INSTRUCTIONS TO FOLLOW:
Using the records below, give again exactly the lines from the line that contains "Alt view image" through the line that contains "T.H.Baker T.H.Baker Women's", both ends included, and only those.

INPUT MATERIAL below:

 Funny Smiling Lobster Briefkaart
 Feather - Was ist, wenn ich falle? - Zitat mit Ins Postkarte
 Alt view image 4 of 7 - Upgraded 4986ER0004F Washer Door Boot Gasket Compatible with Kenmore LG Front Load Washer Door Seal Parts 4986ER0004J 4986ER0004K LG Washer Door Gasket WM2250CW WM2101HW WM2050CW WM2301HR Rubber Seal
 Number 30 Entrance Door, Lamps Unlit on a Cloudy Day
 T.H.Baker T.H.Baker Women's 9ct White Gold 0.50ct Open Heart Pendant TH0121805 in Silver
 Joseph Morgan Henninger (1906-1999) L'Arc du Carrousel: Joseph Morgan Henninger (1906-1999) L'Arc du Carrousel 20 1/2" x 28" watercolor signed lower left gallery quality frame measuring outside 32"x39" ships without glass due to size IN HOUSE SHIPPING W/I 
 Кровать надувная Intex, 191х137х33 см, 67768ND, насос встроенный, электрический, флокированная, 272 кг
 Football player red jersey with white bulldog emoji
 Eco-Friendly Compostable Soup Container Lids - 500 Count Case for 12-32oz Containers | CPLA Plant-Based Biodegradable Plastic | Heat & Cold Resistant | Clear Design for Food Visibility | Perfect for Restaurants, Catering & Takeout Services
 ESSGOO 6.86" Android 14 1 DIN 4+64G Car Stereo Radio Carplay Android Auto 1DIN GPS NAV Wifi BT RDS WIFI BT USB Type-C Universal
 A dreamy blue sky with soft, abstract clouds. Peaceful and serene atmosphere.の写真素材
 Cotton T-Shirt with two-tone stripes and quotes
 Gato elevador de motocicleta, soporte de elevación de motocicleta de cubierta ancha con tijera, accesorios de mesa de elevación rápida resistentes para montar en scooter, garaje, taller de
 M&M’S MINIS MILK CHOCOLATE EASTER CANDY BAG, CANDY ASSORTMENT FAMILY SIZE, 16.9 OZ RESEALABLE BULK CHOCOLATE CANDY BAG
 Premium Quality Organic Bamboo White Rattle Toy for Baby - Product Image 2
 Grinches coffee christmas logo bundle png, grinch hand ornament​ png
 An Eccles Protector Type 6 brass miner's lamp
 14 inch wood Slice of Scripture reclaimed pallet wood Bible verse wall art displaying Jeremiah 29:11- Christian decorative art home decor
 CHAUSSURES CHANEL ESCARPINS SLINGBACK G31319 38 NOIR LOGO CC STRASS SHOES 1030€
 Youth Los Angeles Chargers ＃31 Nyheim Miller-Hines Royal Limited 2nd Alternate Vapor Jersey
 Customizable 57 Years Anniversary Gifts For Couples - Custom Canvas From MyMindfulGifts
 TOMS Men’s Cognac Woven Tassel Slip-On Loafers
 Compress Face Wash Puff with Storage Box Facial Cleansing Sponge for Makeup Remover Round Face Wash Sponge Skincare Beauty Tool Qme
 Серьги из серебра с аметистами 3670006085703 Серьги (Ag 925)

End of INPUT MATERIAL.

THE ANSWER:
 Alt view image 4 of 7 - Upgraded 4986ER0004F Washer Door Boot Gasket Compatible with Kenmore LG Front Load Washer Door Seal Parts 4986ER0004J 4986ER0004K LG Washer Door Gasket WM2250CW WM2101HW WM2050CW WM2301HR Rubber Seal
 Number 30 Entrance Door, Lamps Unlit on a Cloudy Day
 T.H.Baker T.H.Baker Women's 9ct White Gold 0.50ct Open Heart Pendant TH0121805 in Silver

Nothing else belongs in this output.